The logs look like this, where memory usage peaked at the end of calibrate.deblend:

characterizeImage.detection INFO: Detected 11499 positive peaks in 6883 footprints and 8 negative peaks in 3 footprints to 5 sigma
characterizeImage.detection INFO: Resubtracting the background after object detection
characterizeImage.measurement INFO: Measuring 6883 sources (6883 parents, 0 children)
characterizeImage.measurePsf INFO: Measuring PSF
characterizeImage.measurePsf INFO: PSF star selector found 406 candidates
characterizeImage.measurePsf.reserve INFO: Reserved 0/406 sources
characterizeImage.measurePsf INFO: Sending 406 candidates to PSF determiner
characterizeImage.measurePsf.psfDeterminer WARNING: NOT scaling kernelSize by stellar quadrupole moment, but using absolute value
characterizeImage.measurePsf INFO: PSF determination using 391/406 stars.
characterizeImage INFO: iter 2; PSF sigma=2.48, dimensions=(41, 41); median background=547.78
characterizeImage.measurement INFO: Measuring 6883 sources (6883 parents, 0 children)
characterizeImage.measureApCorr INFO: Measuring aperture corrections for 2 flux fields
characterizeImage.measureApCorr INFO: Aperture correction for base_GaussianFlux: RMS 0.417713 from 327
characterizeImage.measureApCorr INFO: Aperture correction for base_PsfFlux: RMS 0.286895 from 342
characterizeImage.applyApCorr INFO: Applying aperture corrections to 2 instFlux fields
ctrl.mpexec.singleQuantumExecutor INFO: Execution of task 'characterizeImage' on quantum {instrument: 'Huntsman', detector: 9, visit: 210304183232676, ...} took 68.255 seconds
ctrl.mpexec.mpGraphExecutor INFO: Executed 2 quanta, 1 remain out of total 3 quanta.
calibrate.detection INFO: Detected 11287 positive peaks in 6252 footprints and 8 negative peaks in 2 footprints to 5 sigma
calibrate.detection INFO: Resubtracting the background after object detection
calibrate.skySources INFO: Added 100 of 100 requested sky sources (100%)
calibrate.deblend INFO: Deblending 6352 sources
meas_deblender.baseline WARNING: Skipping peak at (1495.0, 926.0): no unmasked pixels nearby
meas_deblender.baseline WARNING: Skipping peak at (1516.0, 919.0): no unmasked pixels nearby
meas_deblender.baseline WARNING: Skipping peak at (1512.0, 923.0): no unmasked pixels nearby
meas_deblender.baseline WARNING: Skipping peak at (2453.0, 1474.0): no unmasked pixels nearby
meas_deblender.baseline WARNING: Skipping peak at (2481.0, 1453.0): no unmasked pixels nearby
meas_deblender.baseline WARNING: Skipping peak at (2478.0, 1458.0): no unmasked pixels nearby
meas_deblender.baseline WARNING: Skipping peak at (2466.0, 1462.0): no unmasked pixels nearby
meas_deblender.baseline WARNING: Skipping peak at (2453.0, 1442.0): no unmasked pixels nearby
calibrate.deblend INFO: Deblended: of 6352 sources, 1846 were deblended, creating 6873 children, total 13225 sources
calibrate.measurement INFO: Measuring 13225 sources (6352 parents, 6873 children)
calibrate.applyApCorr INFO: Applying aperture corrections to 2 instFlux fields
calibrate INFO: Copying flags from icSourceCat to sourceCat for 6130 sources
calibrate.photoCal.match.sourceSelection INFO: Selected 1322/13225 sources
calibrate INFO: Loading reference objects from region bounded by [199.65715831, 202.90882873], [-44.13322063, -41.75304918] RA Dec
calibrate INFO: Loaded 1348 reference objects
calibrate.photoCal.match.referenceSelection INFO: Selected 1348/1348 references
calibrate.photoCal.match INFO: Matched 59 from 1322/13225 input and 1348/1348 reference sources
calibrate.photoCal.reserve INFO: Reserved 0/59 sources
calibrate.photoCal INFO: Not applying color terms because config.applyColorTerms is None and data is not available and photoRefCat is provided
calibrate.photoCal INFO: Magnitude zero point: 25.837880 +/- 0.001690 from 57 stars

I note that I am using Gen3 middleware and the latest weekly docker build.
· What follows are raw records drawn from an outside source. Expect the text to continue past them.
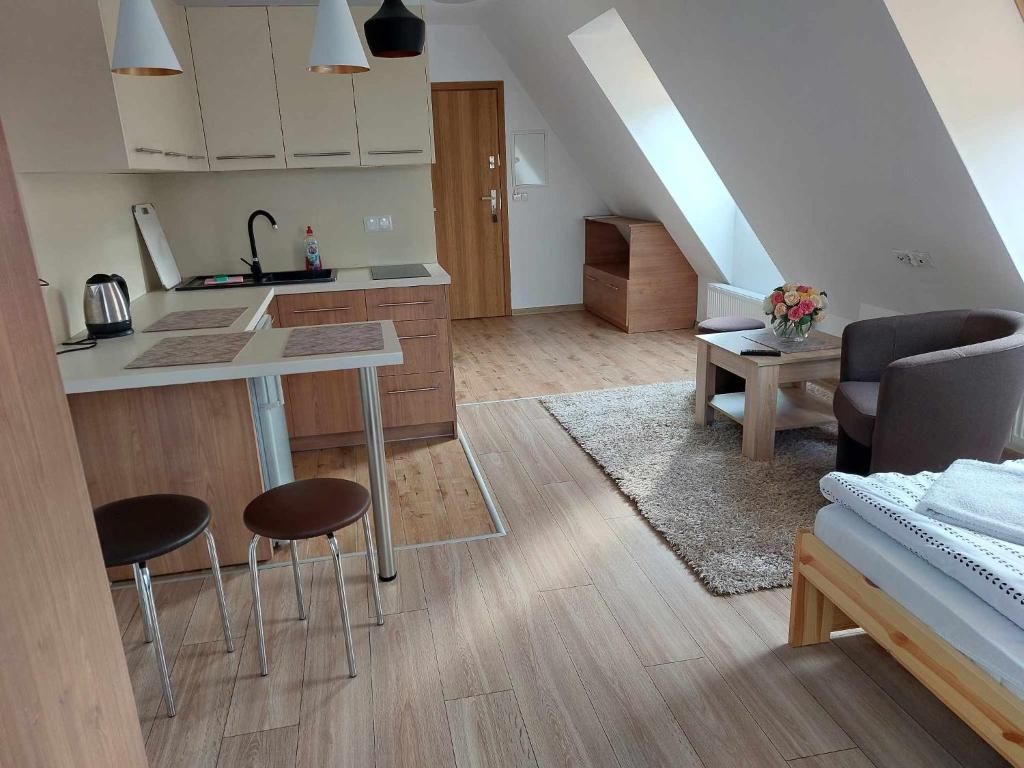 Kuchyňa alebo kuchynka v ubytovaní Apartamenty CEDE Zakopane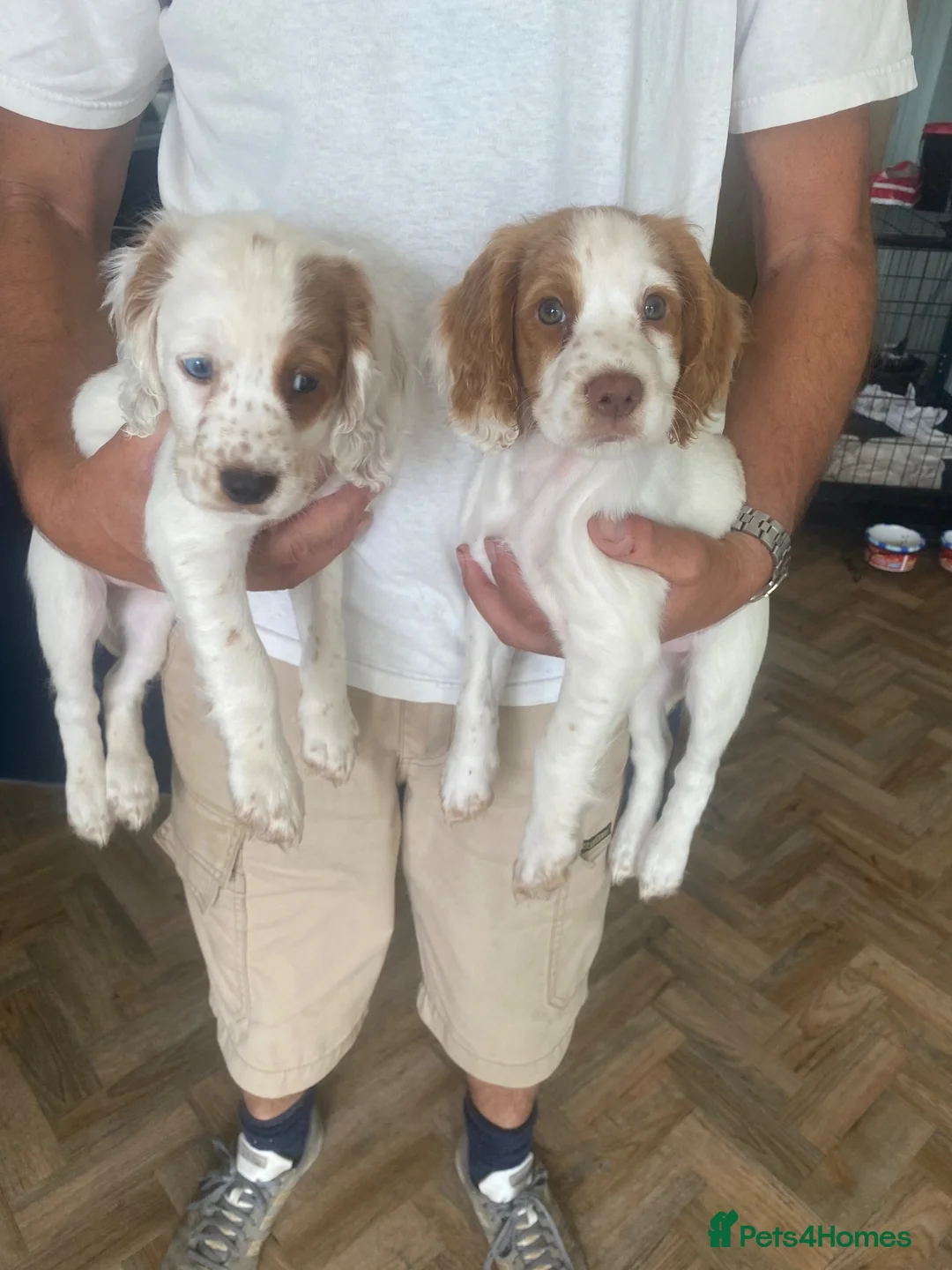Cocker Spaniel dogs for sale: Cocker spaniel puppies  - Advert 12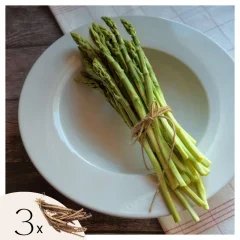 Šparglji - 3 kos - Asparagus 'Gijnlim' - Korenike - Zelena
I have not found a similar Topic on the Community Forum.


That’s an awful lot of sources. We don’t get that many on deep extragalactic coadds. So what is special about your image that you’re getting so many on a single CCD? Perhaps you could share an image?
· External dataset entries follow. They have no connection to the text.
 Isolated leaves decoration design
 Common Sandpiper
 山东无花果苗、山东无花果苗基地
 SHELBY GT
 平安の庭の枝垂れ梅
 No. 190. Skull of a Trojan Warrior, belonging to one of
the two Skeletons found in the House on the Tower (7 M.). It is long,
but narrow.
Hi @price, thanks for getting back to me.

We are using images from the Huntsman telescope, which have quite a wide FOV per CCD at ~2.5 deg^2. This particular image was a 5 min exposure from a single CCD, and is not a an especially dense field. The number of detected sources does not seem excessive:

While 10,000 sources may be a lot compared to a typical LSST exposure, I am still surprised by the memory consumption. Programs like SExtractor are able to handle these similar images without too much of a problem.
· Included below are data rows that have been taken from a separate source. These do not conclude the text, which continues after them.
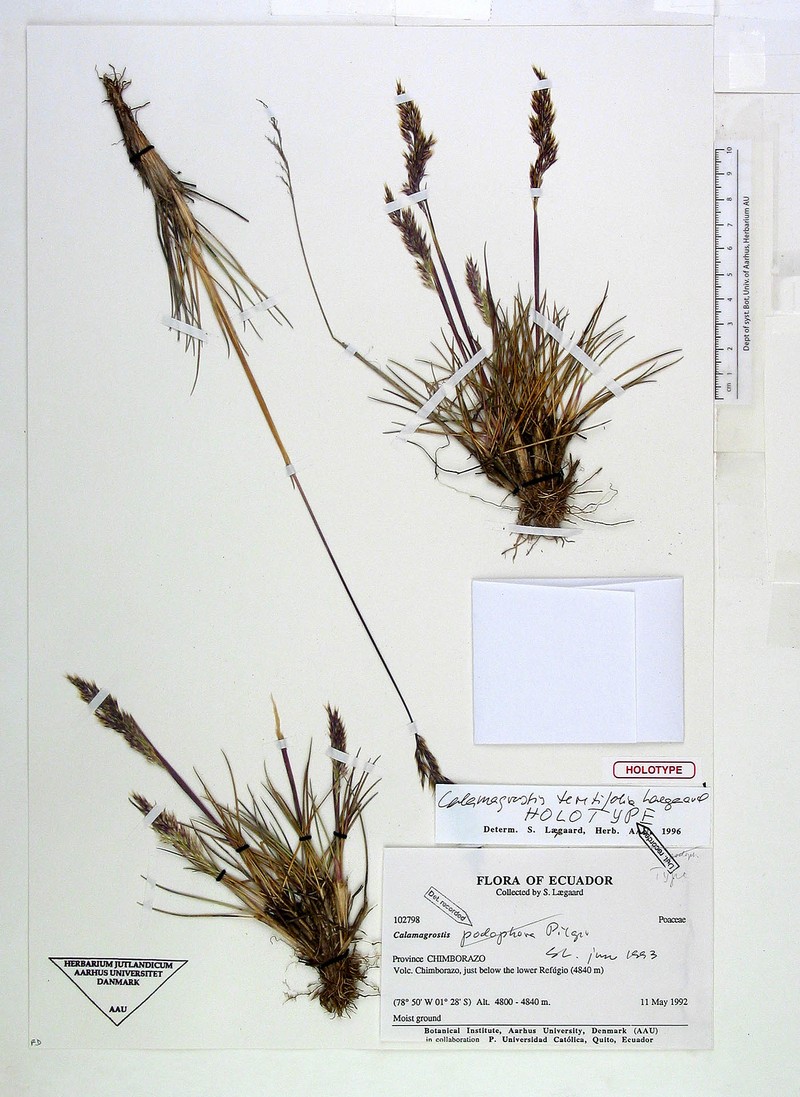 Deschampsia teretifolia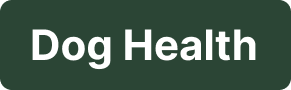 Dog Health blog category tag for canine nutrition, joint care, digestive health & dog wellness tips related to orthopedic beds, slow feed bowls and daily pet care.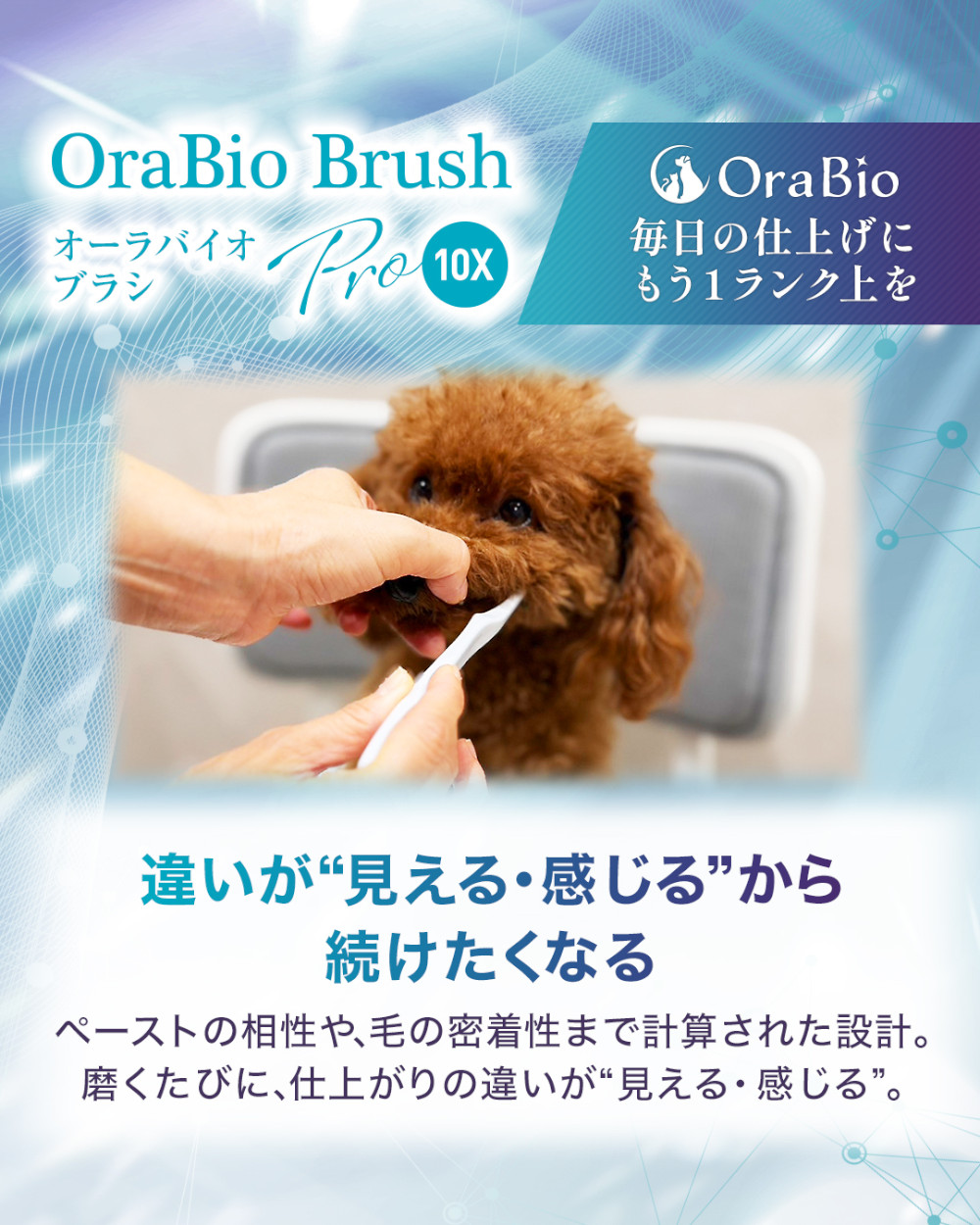 違いが見える・感じるから続けたくなる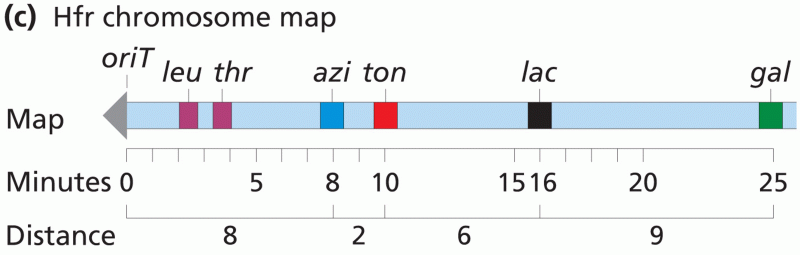 The Hfr chromosome time-of-entry map is assembled from the recombinant data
We could e.g. raise the detection threshold, but since we are interested in low surface brightness science that is not desirable. The other option could be to override some of the detection subtasks for Huntsman, but I would like to avoid that if possible.

Programs like Source Extractor don’t try to do full deblending. The problem is that you have a lot of sources that are blended together, and deblending them is expensive, both in terms of memory and execution time.

Is that a flat-fielded sky-subtracted image (a calexp)? There seems to be more light in the middle than on the edges. If you’re not subtracting that off, then you’re going to artificially blend a lot of sources. You may be able to do that by tweaking some parameters. I’m happy to help you out with that once I know what we’re dealing with.


The image is properly calibrated (bias, defects, dark and flat) using ISRTask before doing the detection. The image I showed above is just the raw exposure, so that middle light is just the flat field response.

What do you mean by “full” deblending? I am familiar with how SExtractor does it but do not know much about the LSST deblender.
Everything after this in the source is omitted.